Ob diese Meldungen eine abschreckende Wirkung auf die „Normal“-Bevölkerung haben würden, war bis zum Tag der Demonstration unklar.

Nachdem die Teilnehmerzahl bei der Auftaktkundgebung noch nicht massenhaft erschienen war, schwoll der Demonstrationszug schnell an und führte in einem endlos scheinenden Zug über die Weserbrücke und die Wallanlagen bis zur Bürgerweide. Es waren sichtbar mehr Menschen mit migrantischem Hintergrund dabei als zwei Wochen vorher, aber sonst etwa die gleiche Zusammensetzung aus Einzelpersonen und Familien – die Schilder griffen teilweise die vielfältigen Probleme auf. Auch in den Redebeiträgen drückte sich der Schwerpunkt auf soziale Fragen aus.

Am Ende waren es zwischen 16 000 und 20 000 Menschen, die sich um der Sache willen beteiligten. Und als „buten & binnen“ mehrere ältere und offensichtlich bürgerliche Menschen befragte, ob sie sich von den linken Organisatoren vereinnahmt gefühlt hätten, konnte der Interviewer keine Gegensätze feststellen. Trotzdem fühlte sich der „Weser Kurier“ bemüßigt, noch einmal nachzutreten, indem er die Auseinandersetzung mit einem Teilnehmer wegen eines tendenziell gegen Geflüchtete gerichteten Plakats an den Anfang seines Berichts stellte.

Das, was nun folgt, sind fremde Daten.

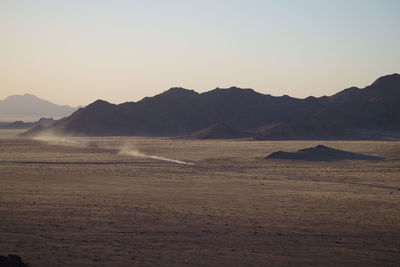 Scenic view of desert against clear sky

Was aus diesen Protesten folgt und wie es weitergeht, wird davon abhängen, wie die Auseinandersetzung um die Rechtsentwicklung weiter geführt wird. Bedeutsam ist, dass es für viele ganz junge Menschen ein erster Schritt zur Politisierung und für manche bequem gewordene Ältere ein neuer Einstieg ist.

Es könnte wesentlich bedeutsamer sein, dass sich in kleineren Städten und Gemeinden gerade auch in AfD-Hochburgen wie im Osterzgebirge, erstmals Menschen öffentlich in großer Zahl gegen die AfD positioniert und daraus Mut geschöpft haben.